Il senso generale di depravazione ed abiezione che pervade la maggior parte della produzione presentata a Cannes viene rafforzato da ulteriori particolari riferiti dal CdS. Sempre nel citato numero del 22 maggio un articolo sui numerosi “dettagli pulp”, cioè “orripilanti”, da cinema di terz’ordine, presenti in diversi film, presentatisi per vincere. Qui, “il cinema della crudeltà la fa da padrone e i registi sembrano fare a gara a chi tira cazzotti più violenti negli occhi degli spettatori. Efferatezze sconvolgenti ideate da menti sadiche, bastardi ingloriosi, iene con fattezze umane”. Lo stesso giornale ci informa, inoltre, che, qui a Cannes, “sul set la squillo è di moda”. Segue una lista nutrita di film nei quali l’eroina è una prostituta, si tratti della “forzata del sesso” o di “chi quel mestiere lo fa per scelta”. Per concludere con un’inevitabile tranche de vie: “Infine, a riprova che il cinema è sempre specchio della realtà, alle prostitute dello schermo si aggiungono quelle che affollano gli hotel, le ville e gli yacht di Cannes. The Hollywood Reporter parla di almeno 200 escort di lusso calate in questi giorni per soddisfare i ricconi, che se le contendono […] Un aumento di richieste che ha fatto triplicare le tariffe delle lucciole indigene” (CdS, 26.5.2013). Un bell’ambiente, no? Quando si dice che la realtà supera l’immaginazione…

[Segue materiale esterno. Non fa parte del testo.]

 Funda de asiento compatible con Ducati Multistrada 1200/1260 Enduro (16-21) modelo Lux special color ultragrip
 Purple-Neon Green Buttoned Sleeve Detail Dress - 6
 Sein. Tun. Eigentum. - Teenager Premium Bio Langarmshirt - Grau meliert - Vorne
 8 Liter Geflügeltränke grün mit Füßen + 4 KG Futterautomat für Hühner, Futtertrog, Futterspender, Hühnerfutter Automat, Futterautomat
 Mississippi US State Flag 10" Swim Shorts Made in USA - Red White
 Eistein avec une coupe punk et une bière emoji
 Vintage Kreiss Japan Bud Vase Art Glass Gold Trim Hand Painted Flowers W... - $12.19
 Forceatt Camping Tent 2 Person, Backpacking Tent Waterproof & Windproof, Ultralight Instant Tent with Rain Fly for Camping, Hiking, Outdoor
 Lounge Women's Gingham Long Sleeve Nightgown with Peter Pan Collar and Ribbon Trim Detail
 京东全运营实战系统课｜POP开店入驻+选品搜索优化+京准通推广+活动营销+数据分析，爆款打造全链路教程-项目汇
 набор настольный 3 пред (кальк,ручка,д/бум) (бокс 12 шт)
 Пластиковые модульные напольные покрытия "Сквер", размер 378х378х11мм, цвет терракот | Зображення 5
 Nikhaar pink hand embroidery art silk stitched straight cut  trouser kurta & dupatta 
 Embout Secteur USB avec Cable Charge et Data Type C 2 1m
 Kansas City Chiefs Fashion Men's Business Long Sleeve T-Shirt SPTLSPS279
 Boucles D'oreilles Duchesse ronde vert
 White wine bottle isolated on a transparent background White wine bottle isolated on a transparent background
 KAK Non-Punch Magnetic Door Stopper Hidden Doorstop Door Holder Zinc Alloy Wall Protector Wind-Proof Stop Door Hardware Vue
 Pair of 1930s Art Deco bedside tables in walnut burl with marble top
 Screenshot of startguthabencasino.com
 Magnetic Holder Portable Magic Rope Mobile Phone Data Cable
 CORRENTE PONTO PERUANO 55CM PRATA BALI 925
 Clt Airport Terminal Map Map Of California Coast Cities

Il giorno della premiazione, il regista francotunisino ha dichiarato: “Dedico questo premio alla bella gioventù di Francia che ho incontrato durante la lunga lavorazione del film e che mi ha insegnato cos’è lo spirito della libertà e del vivere insieme. Lo dedico anche a un’altra bella gioventù, quella della rivoluzione tunisina, che si è battuta per poter vivere, esprimersi e amare liberamente”. Commento del critico del CdS: “In questo senso La vie d’Adèle è un manifesto. Amoroso, erotico, politico. Tanto più significativo perché decorato con la Palma nello stesso giorno in cui a Parigi si manifestava contro i matrimoni gay da poco legalizzati”(CdS del 27.5.2013). Una pietra miliare della rivoluzione sessuale, dunque, questo film; quella stessa rivoluzione che l’oligarchia oggi dominante nell’Europa “unita” sta imponendo con un susseguirsi di leggi anticristiane, che mirano ad alterare il diritto naturale e divino, incurante dei guasti che esse provocano, a cominciare dalla denatalità che affligge in maniera grave i popoli europei, minacciandoli di estinzione o quasi entro pochi decenni. La rivoluzione politica come rivoluzione sessuale: è dal 1968 che l’Occidente ha cominciato a sprofondare in quest’abisso. Mi viene in mente una frase della pièce teatrale intitolata “Marat-Sade” dello scrittore tedesco di sinistra Peter Weiss, popolare appunto negli anni attorno al ’68, frase che potrebbe essere assunta a simbolo di tutto il movimento. Egli fa dire da Sade a Marat: “A che scopo, Marat, la Rivoluzione senza l’universale Fornicazione?”.
Non è certo promuovendo “il matrimonio per tutti” o “l’amare liberamente” esaltato dal regista tunisino che riusciremo ad opporci alla sempre più accentuata pressione del mondo mussulmano, che sta tentando di schiacciarci con il numero, ben conscio della nostra attuale, mostruosa decadenza.